This repository was archived by the owner on Feb 13, 2020. It is now read-only.
This repository was archived by the owner on Feb 13, 2020. It is now read-only.
SQL-based Work Queue enhancements #393
Open
Description
@cyrusdaboo originally submitted this as ticket:839
txext.enterprise.queue implements a database-based distributed work queue. The basic behavior is this:
- Each host registers itself in an SQL NODE_INFO table, and listens on a port for AMP connections.
- An item of work is defined by a row in an SQL table, with multiple tables used for different work types.
- An item of work is enqueued using txn.enqueue() which includes an argument for a notBefore time. A work item will not execute until notBefore.
- The process that enqueues the work item sets up a reactor.callLater() to trigger at the notBefore time, with the callback executing the work item in that process. If the work fails, it is “orphaned” (see next item).

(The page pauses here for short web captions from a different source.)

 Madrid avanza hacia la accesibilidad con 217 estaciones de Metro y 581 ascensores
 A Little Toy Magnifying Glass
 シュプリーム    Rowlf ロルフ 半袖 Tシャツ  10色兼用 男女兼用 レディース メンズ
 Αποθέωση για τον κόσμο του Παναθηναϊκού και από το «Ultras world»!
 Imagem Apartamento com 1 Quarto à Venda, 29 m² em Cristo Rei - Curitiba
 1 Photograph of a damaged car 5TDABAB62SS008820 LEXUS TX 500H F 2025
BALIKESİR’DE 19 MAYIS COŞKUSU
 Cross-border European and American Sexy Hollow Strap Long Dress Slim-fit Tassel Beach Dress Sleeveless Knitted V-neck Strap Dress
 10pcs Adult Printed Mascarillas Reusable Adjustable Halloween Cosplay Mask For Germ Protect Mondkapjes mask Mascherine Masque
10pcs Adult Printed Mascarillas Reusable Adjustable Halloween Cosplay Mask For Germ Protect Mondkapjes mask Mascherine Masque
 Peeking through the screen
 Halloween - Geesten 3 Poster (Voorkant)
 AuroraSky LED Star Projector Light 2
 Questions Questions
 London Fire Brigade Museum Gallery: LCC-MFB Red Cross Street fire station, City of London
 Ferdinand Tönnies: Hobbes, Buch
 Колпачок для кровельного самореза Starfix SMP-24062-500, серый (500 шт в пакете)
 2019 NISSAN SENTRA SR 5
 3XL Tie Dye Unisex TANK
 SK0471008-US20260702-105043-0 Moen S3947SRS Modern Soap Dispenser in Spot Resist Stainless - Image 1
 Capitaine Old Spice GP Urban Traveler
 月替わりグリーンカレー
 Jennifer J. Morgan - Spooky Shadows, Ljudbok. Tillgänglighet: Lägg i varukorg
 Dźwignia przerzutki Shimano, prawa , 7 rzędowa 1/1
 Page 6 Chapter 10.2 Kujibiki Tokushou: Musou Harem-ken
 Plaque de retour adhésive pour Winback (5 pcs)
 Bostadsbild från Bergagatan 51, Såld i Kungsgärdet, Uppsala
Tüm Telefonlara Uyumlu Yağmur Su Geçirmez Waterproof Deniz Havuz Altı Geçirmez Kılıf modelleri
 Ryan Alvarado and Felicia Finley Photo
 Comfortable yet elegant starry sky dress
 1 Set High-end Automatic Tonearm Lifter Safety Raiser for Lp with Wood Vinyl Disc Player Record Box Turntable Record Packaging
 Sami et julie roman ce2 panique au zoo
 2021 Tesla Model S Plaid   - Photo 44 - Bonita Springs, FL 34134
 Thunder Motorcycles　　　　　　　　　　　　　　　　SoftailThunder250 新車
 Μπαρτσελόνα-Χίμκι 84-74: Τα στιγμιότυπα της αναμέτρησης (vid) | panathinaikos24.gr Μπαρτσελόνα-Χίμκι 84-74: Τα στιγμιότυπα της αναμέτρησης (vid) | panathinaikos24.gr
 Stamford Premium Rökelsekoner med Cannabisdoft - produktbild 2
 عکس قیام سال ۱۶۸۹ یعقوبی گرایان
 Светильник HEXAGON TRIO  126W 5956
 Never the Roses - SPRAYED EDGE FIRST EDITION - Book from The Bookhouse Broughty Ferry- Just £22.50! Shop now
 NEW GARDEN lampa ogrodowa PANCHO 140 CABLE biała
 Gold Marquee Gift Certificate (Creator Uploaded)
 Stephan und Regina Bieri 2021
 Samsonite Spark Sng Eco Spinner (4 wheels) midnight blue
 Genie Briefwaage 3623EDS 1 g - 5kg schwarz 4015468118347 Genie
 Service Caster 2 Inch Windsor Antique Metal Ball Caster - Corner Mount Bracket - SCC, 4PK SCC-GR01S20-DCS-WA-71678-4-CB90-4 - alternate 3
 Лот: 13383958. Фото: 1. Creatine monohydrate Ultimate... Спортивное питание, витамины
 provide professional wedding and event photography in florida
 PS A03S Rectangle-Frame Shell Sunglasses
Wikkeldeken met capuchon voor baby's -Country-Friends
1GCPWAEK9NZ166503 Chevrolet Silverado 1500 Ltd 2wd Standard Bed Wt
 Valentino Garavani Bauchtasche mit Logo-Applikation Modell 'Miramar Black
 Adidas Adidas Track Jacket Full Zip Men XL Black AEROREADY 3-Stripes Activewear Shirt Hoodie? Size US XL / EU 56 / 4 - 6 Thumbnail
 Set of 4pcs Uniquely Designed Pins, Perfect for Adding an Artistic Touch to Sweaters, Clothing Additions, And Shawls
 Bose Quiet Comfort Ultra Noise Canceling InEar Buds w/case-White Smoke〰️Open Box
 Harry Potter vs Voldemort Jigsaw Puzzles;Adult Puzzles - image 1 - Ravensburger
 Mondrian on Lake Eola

- Each host has a master process that regularly polls (default 1 minute interval) all work queue tables to see if there are any “orphaned” work items (ones which are past their notBefore time by some amount - current 10 minutes). Any items found in this sweep are dispatched to a local process based on the current work load of each process. If there is too much local load, it will poll the other hosts (using the AMP protocol) to find one willing to accept the work and hand it off to that one.
- Work items have a “group” class property that is used to create a lock when the work item is dequeued, preventing concurrent execution of work with the same id.
- Work items can coalesce by scanning their work table for other matching items and delete those during execution of the selected work item.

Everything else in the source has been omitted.